In the listing that follows, give every line again exactly and omit the pictures.

:: Extracted information

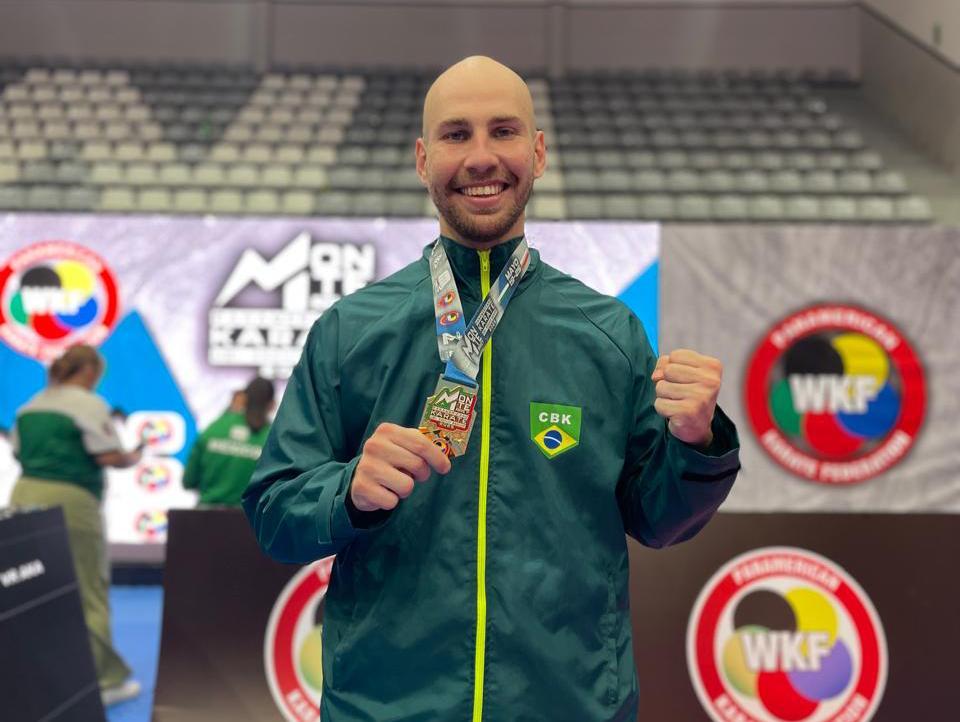 Professor da Vila Olímpica do Mato Alto é campeão pan-americano de karate no México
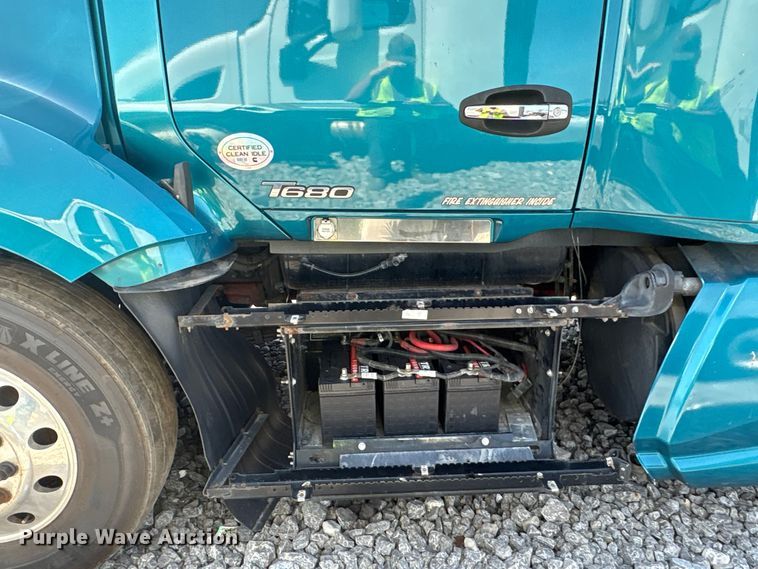 image for item YA3859 2021 Kenworth T680 semi truck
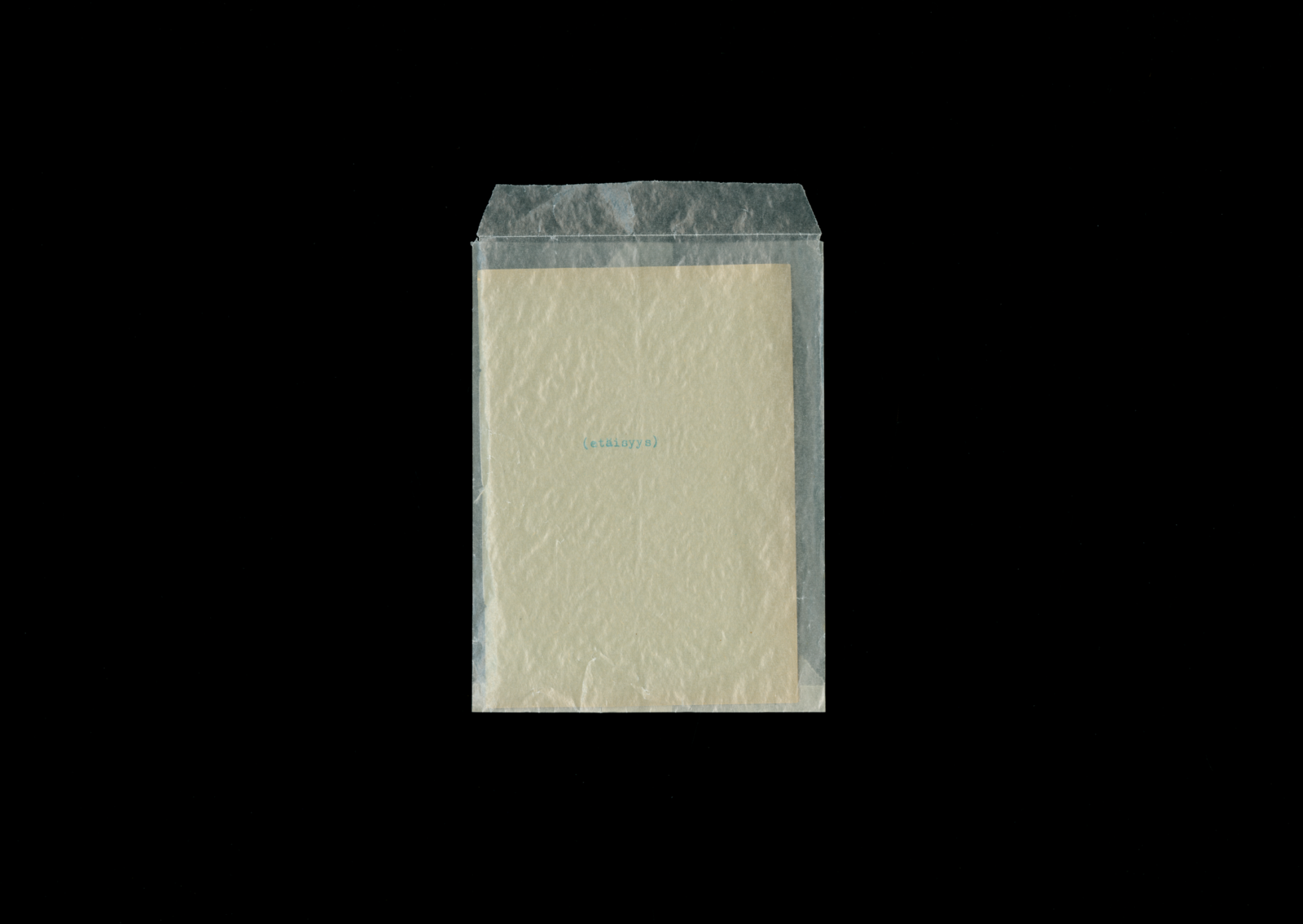 Kansi ja aukeama kirjasta (etäisyys) /<br />
Mikä palautti ruumiin (vastaisuuden varalle).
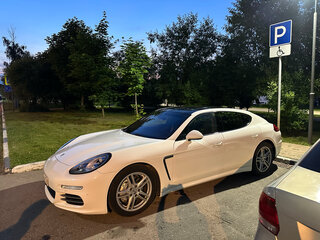 2013 Porsche Panamera 4S I Рестайлинг, белый, 4200000 рублей, вид 2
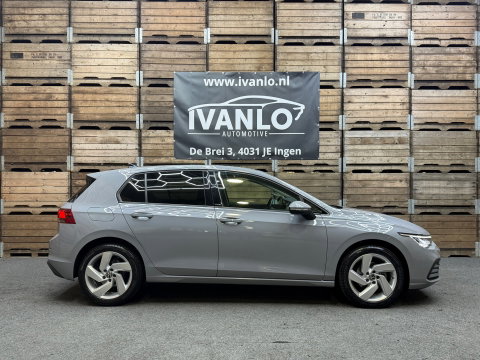Volkswagen Golf 1.5 eTSI Style, 17" LM, Adaptive cruise, Virtual Cockpit, Automaat, Nav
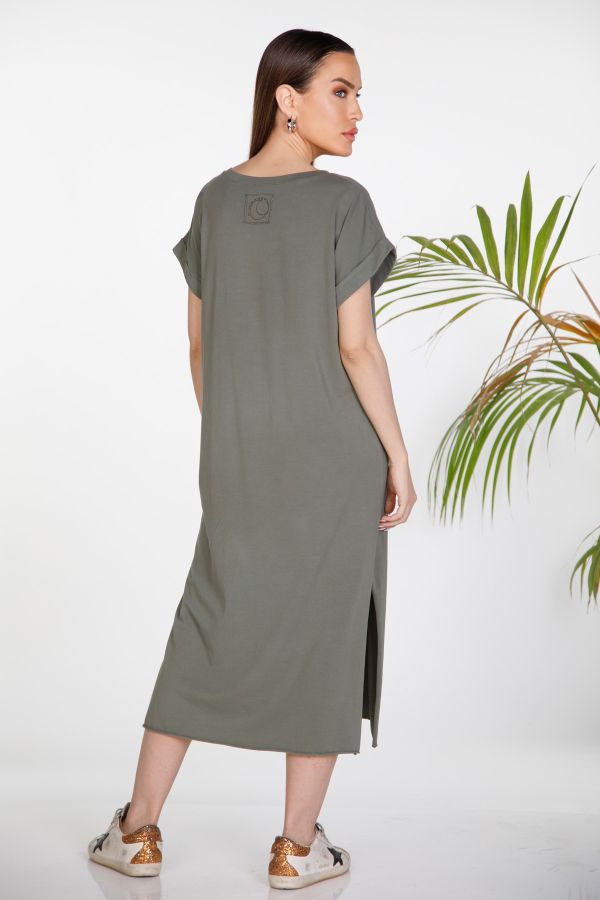 Midi T-shirt dress with side slits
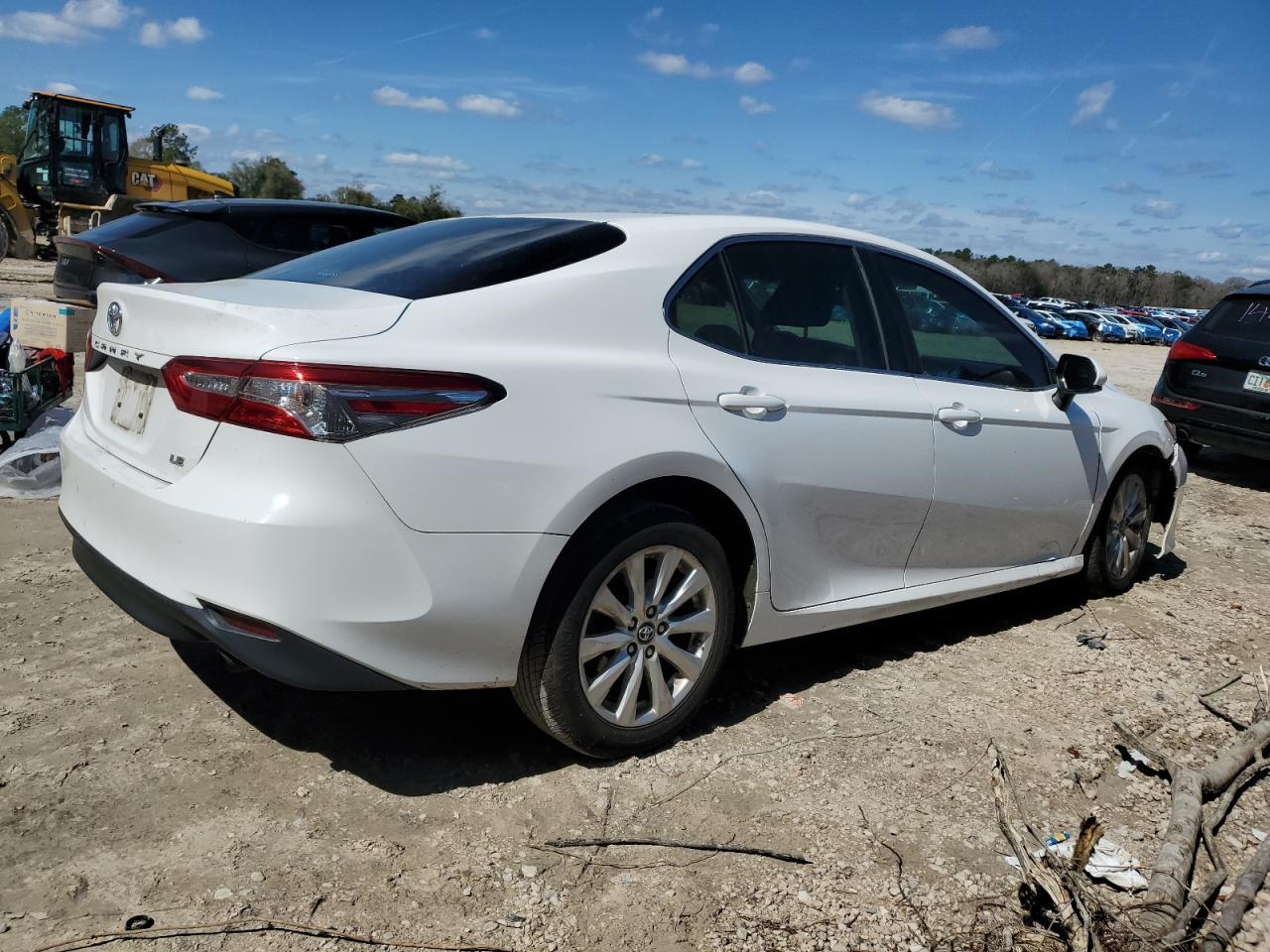 2018 TOYOTA CAMRY L - Image 3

::::

◆ Solution:
 Professor da Vila Olímpica do Mato Alto é campeão pan-americano de karate no México
 image for item YA3859 2021 Kenworth T680 semi truck
 Kansi ja aukeama kirjasta (etäisyys) /<br />
Mikä palautti ruumiin (vastaisuuden varalle).
 2013 Porsche Panamera 4S I Рестайлинг, белый, 4200000 рублей, вид 2
Volkswagen Golf 1.5 eTSI Style, 17" LM, Adaptive cruise, Virtual Cockpit, Automaat, Nav
 Midi T-shirt dress with side slits
 2018 TOYOTA CAMRY L - Image 3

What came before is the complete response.